Professor Jack Hynds has extensive experience in dealing with complex electronic systems used in the automotive field. He recently retired from Jaguar Land Rover where he held the position of Group Chief Electrical Engineer. Jack read Electronics and Physics at Loughborough University with an industrial placement at British Railways research centre. Upon graduation he spent a year abroad in Finland working for an electronics company and then returned to the UK to work for Girling Ltd., part of the Lucas Group. During this period he gained practical experience in the design and development of electronic test equipment and eventually took on the management of the test facilities.

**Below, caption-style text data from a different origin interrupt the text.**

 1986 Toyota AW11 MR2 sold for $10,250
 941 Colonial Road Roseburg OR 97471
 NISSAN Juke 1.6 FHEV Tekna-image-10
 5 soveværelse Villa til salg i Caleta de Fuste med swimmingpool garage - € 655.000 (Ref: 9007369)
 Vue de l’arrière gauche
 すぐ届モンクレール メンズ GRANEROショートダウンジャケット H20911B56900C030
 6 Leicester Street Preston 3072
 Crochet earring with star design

In 1983 he joined Jaguar Cars Ltd holding a number of management positions within the Electrical Engineering department and was promoted to the Chief Engineer in 1998. Upon the amalgamation of Jaguar and Land Rover in 2002 he was appointed Group Chief Electrical Engineer. As such he has led a large department of qualified engineers dealing with complex system designs used on luxury cars handling as many as 30 programmes at any one time. This often involved international co-operation with other automotive companies and suppliers with the objective of achieving efficiencies in the development of appropriate technologies. He specifically steered the development of the processes used (e.g. CAE, Simulation, Hardware In the Loop) and the quality tools needed for successful outcomes. In the light of rapid changes in technology the focus on the education and training of those who worked for him has been a constant theme. Jack was theExecutive Champion for JLR’s acclaimed Technical Accreditation Scheme and he still maintains an active part in its development.

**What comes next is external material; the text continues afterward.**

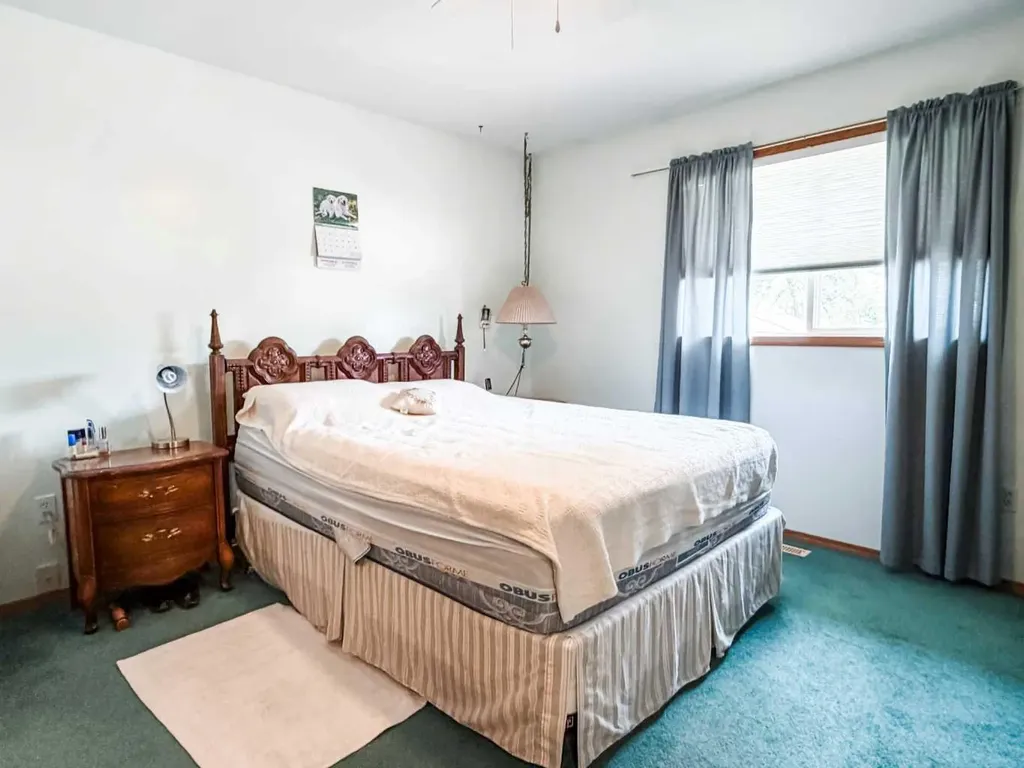 4412 57 Street Stettler AB T4K 1J1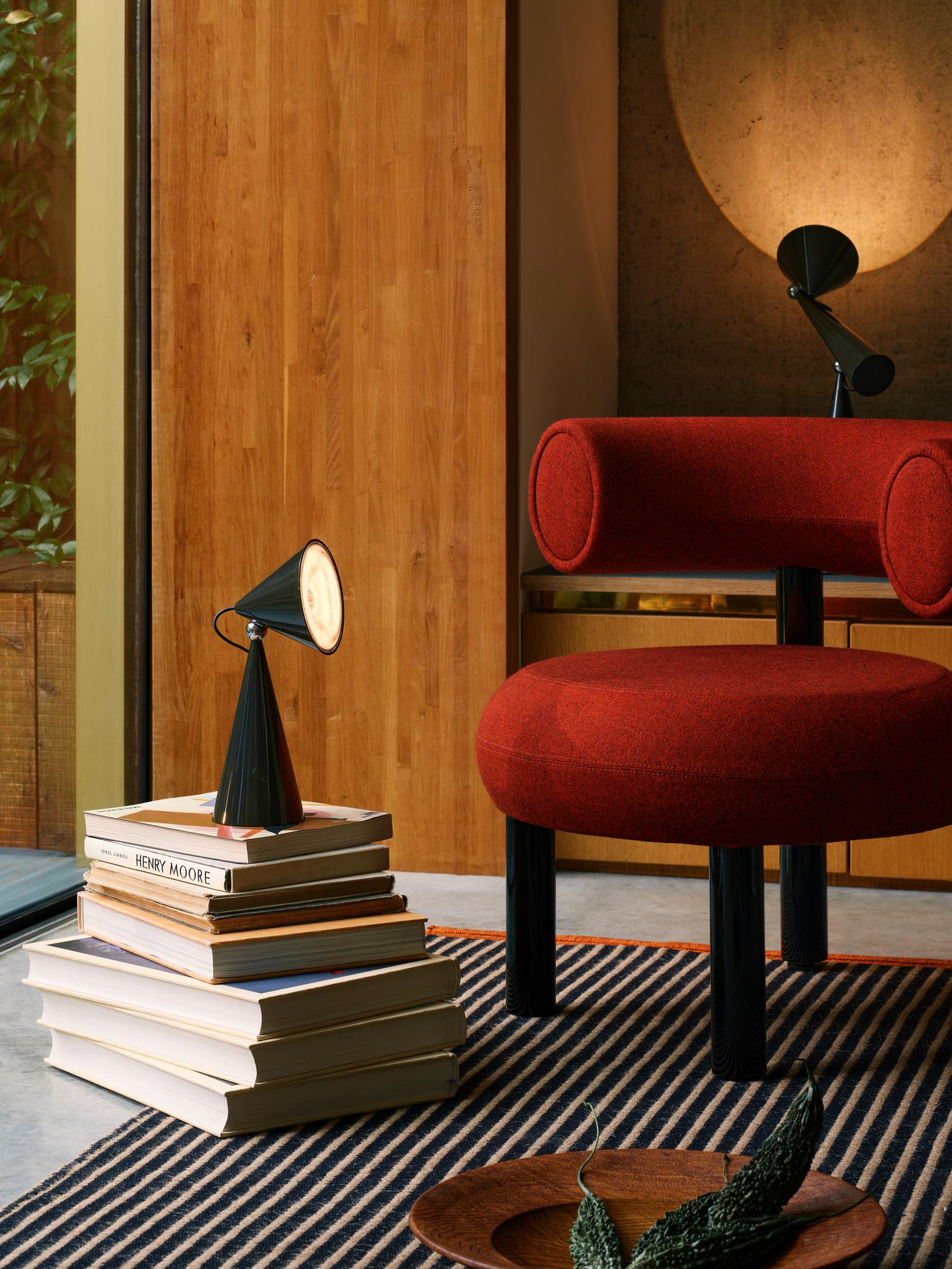 LINE rug black with orange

Being passionate about education he chaired the successful intercompany Coventry Education Action Zone and Business Forums. He also served for 7 years as a Trustee on the Jaguar staff pension scheme.
Professor Hynds was appointed in 2010 as Visiting Professor in Integrated Systems Design at Aston University sponsored by The Royal Academy of Engineering. Taking into account his wide experience of industry, dealing with large international organisations both as original equipment manufacturers or suppliers he is keen to put into the industrial context the subject matter of the courses undertaken by the students at Aston. Specifically his focus is to stress how good design practice follows a coherent process (Design V) supplement within a backbone of defined project management process. Both these processes are intertwined and rely on quality philosophies supported with a host of quality tools. Considering how complex the world of system designs are becoming with the impact of software and the rapid changes in technology his mantra is “to leverage a quality result use the right quality tool at the right time”.